4) Народ не способен к частной и общественной самокритике, попытки таковой вызывают раздражение и агрессивное отторжение. Это делает невозможным усвоение библейского взгляда на историю и широко распахивает двери перед мифологией и демагогией. Следствием этого является отсутствие в России нравственной оценки исторической и современной жизни, что приводит на практике к моральной релятивизации общества и отдельных людей, его составляющих. Это, в свою очередь, заставляет ожидать и библейского сценария «наказания» страны.

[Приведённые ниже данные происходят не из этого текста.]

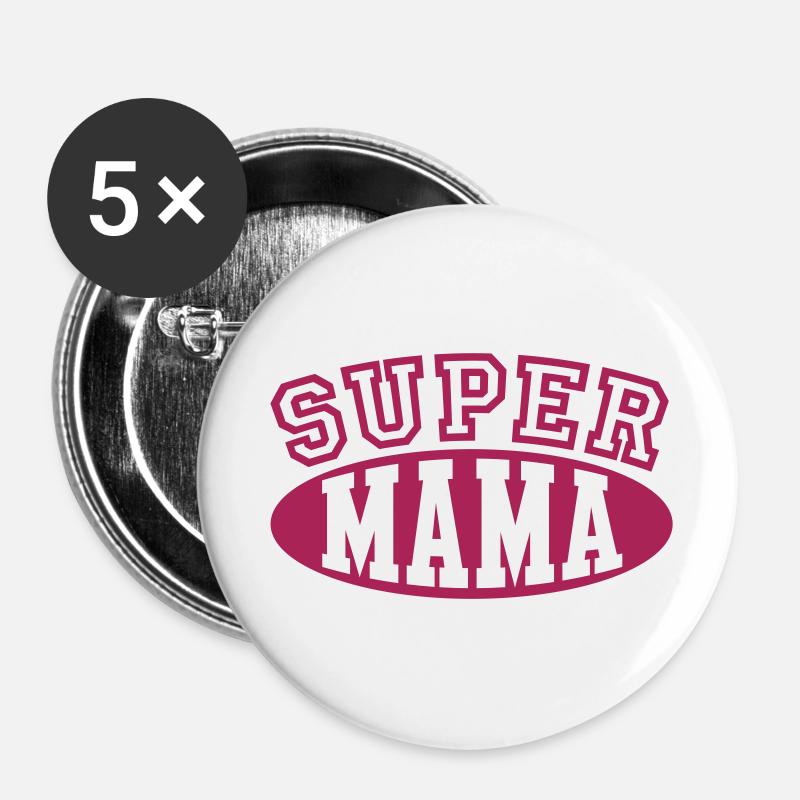 Super Mama - Buttons large 2.2''/56 mm (5-pack) - white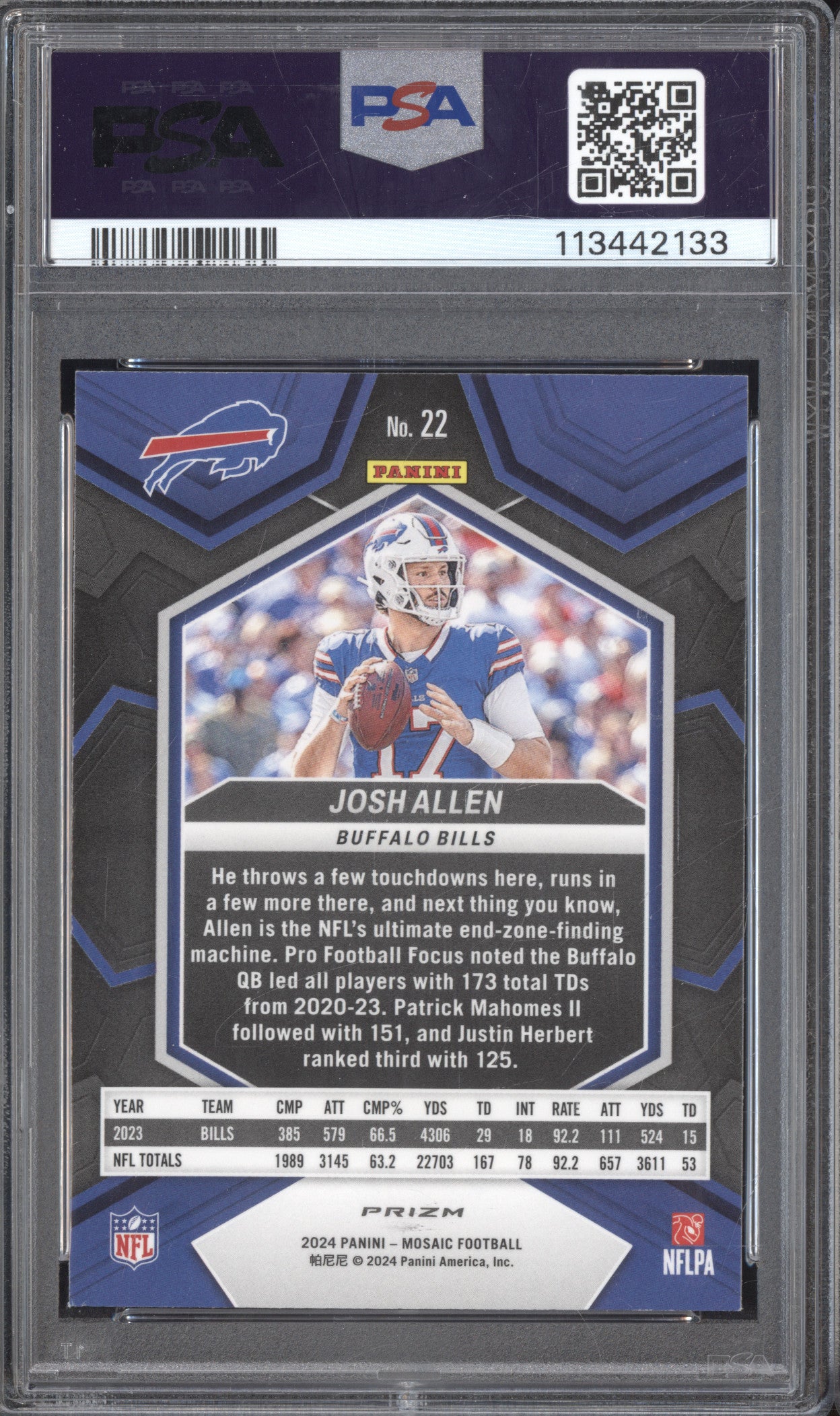 Josh Allen 2024 Panini Mosaic 22 Honeycomb PSA 8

5) Реактуализация христианства в России невозможна, как по вышеуказанным «местным» причинам, так и в силу процессов, общих для всего человечества. Главным из них мне представляется TV-, кинематографическое и компьютерное восприятие мира, которое привело к перевороту в системе ценностей. Это новая культура, весьма агрессивная и порождающая свои традиции, в корне противоречит христианской культуре слова и личностной рефлексии. Касаюсь этого вскользь – здесь тема для отдельного разговора. – Вообще мысль о реактуализации христианства в обществе я считаю большим соблазном для Церкви. Точкой приложения её сил сегодня может быть только адекватное созидание своей общины в языческом постхристианском и постмодернистском окружении. «Христианизировать» же (или «рехристианизировать») мир – значит заведомо становиться на иллюзорные позиции и растрачивать энергию впустую.
Что делать? Становиться и быть христианином самому, в своей семье, в своём кругу. Осуществлять на практике «теорию малых дел», «жить не по лжи» в солженицынском смысле, хотя бы не участвуя в том, что противно совести. И объединяться – единомышленникам, сочувствующим, на сетевом уровне, в частные, малые неформальные сообщества, для того, чтобы, хоть в малом кругу, на частном уровне, но воспитывать субсидиарность личности и гражданственность.
_________________
[1] Цит. по: Борис Колымагин. Искушение культурой. М., 2008, стр. 112.